--- START ---

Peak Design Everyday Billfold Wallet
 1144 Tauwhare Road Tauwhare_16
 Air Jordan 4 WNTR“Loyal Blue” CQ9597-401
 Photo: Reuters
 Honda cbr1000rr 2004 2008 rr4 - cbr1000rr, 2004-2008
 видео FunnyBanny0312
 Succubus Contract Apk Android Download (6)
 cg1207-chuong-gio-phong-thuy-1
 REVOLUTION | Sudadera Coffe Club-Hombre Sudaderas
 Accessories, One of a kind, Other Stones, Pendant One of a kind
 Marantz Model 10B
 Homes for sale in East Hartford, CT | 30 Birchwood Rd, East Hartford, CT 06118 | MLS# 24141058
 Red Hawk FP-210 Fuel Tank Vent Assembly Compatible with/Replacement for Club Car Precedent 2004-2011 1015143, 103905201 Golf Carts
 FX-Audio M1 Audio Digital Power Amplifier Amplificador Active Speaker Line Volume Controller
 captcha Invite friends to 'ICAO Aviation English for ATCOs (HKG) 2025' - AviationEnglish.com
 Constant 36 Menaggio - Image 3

--- END ---

→ What to work on: Each line from the one that contains "captcha Invite friends" to the end of the data should be set down exactly, both ends included.

→ Result:
 captcha Invite friends to 'ICAO Aviation English for ATCOs (HKG) 2025' - AviationEnglish.com
 Constant 36 Menaggio - Image 3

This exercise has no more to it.